Religion in the widest sense may be defined as man's attitude towards the unseen, and the earliest forms of human thought furnish the clue from which must be traced the development of those great systems of religion that have at different periods been professed by the majority of men. Under the term religion we must include, not only beliefs in unseen spiritual agencies, but numerous customs, superstitions, and myths which have usually been regarded, by both travellers and students, as worthless and degrading, till within a comparatively recent period. Only by taking account of such, and comparing usages common among tribes far removed from the influence of civilisation with survivals in other parts of the world, can we arrive at any definite knowledge regarding the world's earliest systems of thought.
In both ancient Greece and Italy the union of royal title with priestly functions was common. At Rome the tradition was, that the sacrificial king had been appointed to perform sacred functions formerly belonging to the ruling monarch, after the overthrow of the ancient dynasty and the expulsion of the kings. In republican Athens the second magistrate of the city was called King, and his wife Queen. The functions of both were religious. Other examples will occur to readers familiar with the classics. Such traditions and usages leave no doubt but in very early times kings were not only civil rulers, but also the priests who offered the sacrifices and stood between the worshippers and the unseen world.
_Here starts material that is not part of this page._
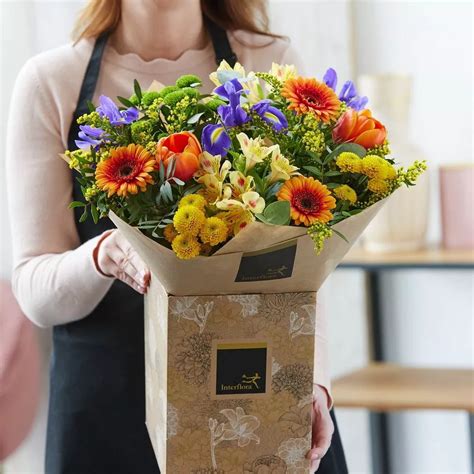 Sunday flower delivery leeds  Order gorgeous fresh flowers with FREE next-day delivery Monday to Sunday from award winning Serenataflowers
The king would thus be revered as the ruler and father of his people who protected and cared for them. He would be also alternately feared and loved as the ghostly intercessor of men, and regarded as himself partaking of the ghostly nature, for the divinity which hedged a king in those days was no empty title, but a sober fact. He was regarded as able to bestow or withhold blessings; to bring blight and curse, and remove them; and so, being above and beyond the control of his subjects, reverence and fear would easily pass into adoration and worship. To us this may appear strange, but it is quite consistent with savage thought. To the savage African or South Sea Islander the world is largely, if not exclusively, worked by supernatural agents, and these act on impulses similar to those which move and influence men, and with which he is familiar in himself and others. Where the forces of nature are under the control of the king-priest, the worshipper sees no limit to his power and the influence he can exert on the course of nature, or even upon the material universe itself, as when a man's father's spirit shakes the earth because the king hurt his toe. He holds converse with the gods. From them come abundant crops, fecundity, success in war, and kindred blessings, and the king who bestows these is regarded as having the god residing in his own person; to the savage man he is himself divine.